By our observation, while there were "some" people there before 5 a.m.—and even at 11 a.m., when the paper estimated the line was a mile (1.6 km) long, going in a direction where we couldn't have seen it from the main road as we drove by after our breakfast—I'd have said that "many" never got in at all, based on the length of the line past the point where we were standing.

I heard by e-mail from the folks who'd been next to us: when the speech ended, they had moved to about 200 yards (180 m) outside the entrance (which we actually thought was darn good progress). There's no telling how many people abandoned their positions in all parts of the line, as we did ours, or if the line kept growing after we departed.

On most Monday mornings, I have a meeting at a coffee shop across the street from position 3 in the map above. This morning the staff said that their shop and all of the other restaurants in the area had been crowded all afternoon with people who'd taken a look at the line and decided to bag it and go sit in comfort instead of standing around.

It's hard to guess how many more people would have attended if the space had allowed. Another quarter? Half again as many?


In sum: my daughter and I had a great bike ride on a pleasant afternoon; met some new people we're glad to know; and got a photo of a sign we'd been wanting to document. We also got to do some great people-watching.

But I still haven't seen or heard a major political candidate in person.


2 thoughts on “On not seeing (or hearing) a major candidate in person, part 2 of 2”

  1. I got to hear Hilary Clinton in Kentucky right before her candidacy ended. The line was ridiculously long. Instead, I stood just beyond the enormous boundary and listened to her speak.
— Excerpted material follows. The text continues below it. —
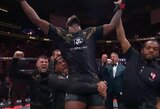 „UFC 296“ algos: L.Edwardso uždarbis viršijo milijoną JAV dolerių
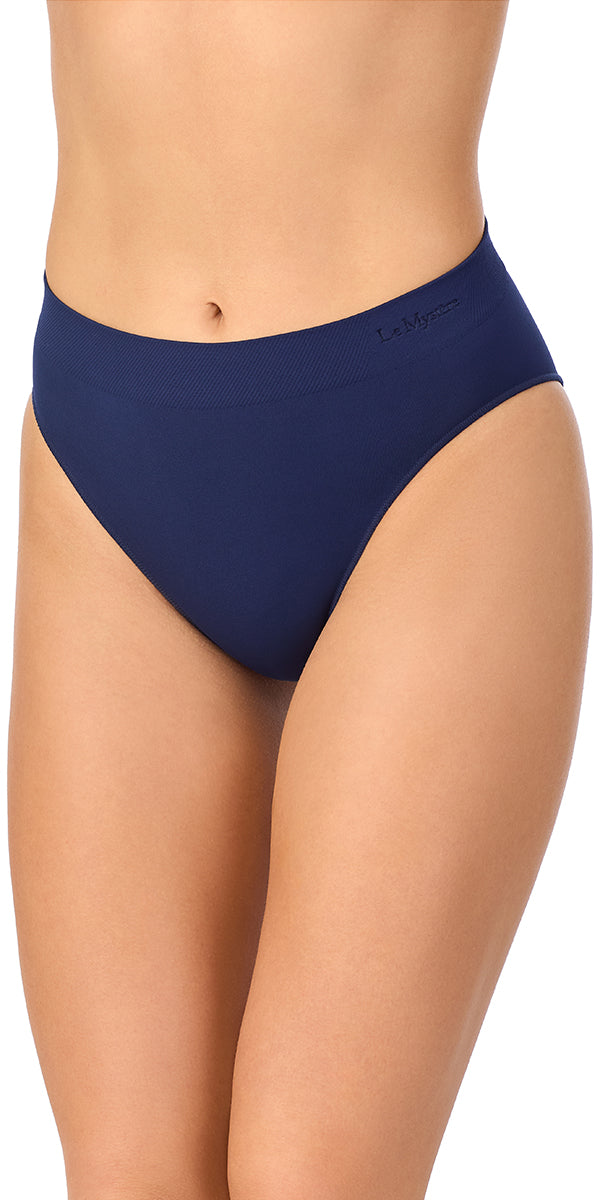 le mystere Seamless Comfort Bikini - True Navy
I could see her head bobbing. That was enough for me.

    It’s funny, growing up near DC, I didn’t realize how often I saw “major” politicians in person and what a big deal it was. To me, they were carpool dads, annoying traffic jams for motorcades, or people I jostled while at some function or other. I just didn’t realize. I was so blase about the whole thing that when offered a chance to see a president up close? I chose to stay back at the DC office I interned at and answered the phone. My response? He puts on his pants one leg at a time; then his motorcade really clogs up traffic near the office! Now that I live in the hinterlands, I understand better that what I experienced was “special.”

  2. I’ve seen Biden, many times. He spoke at my daughter’s high school graduation. Delaware being such a small state, he’s been seen often by us folks.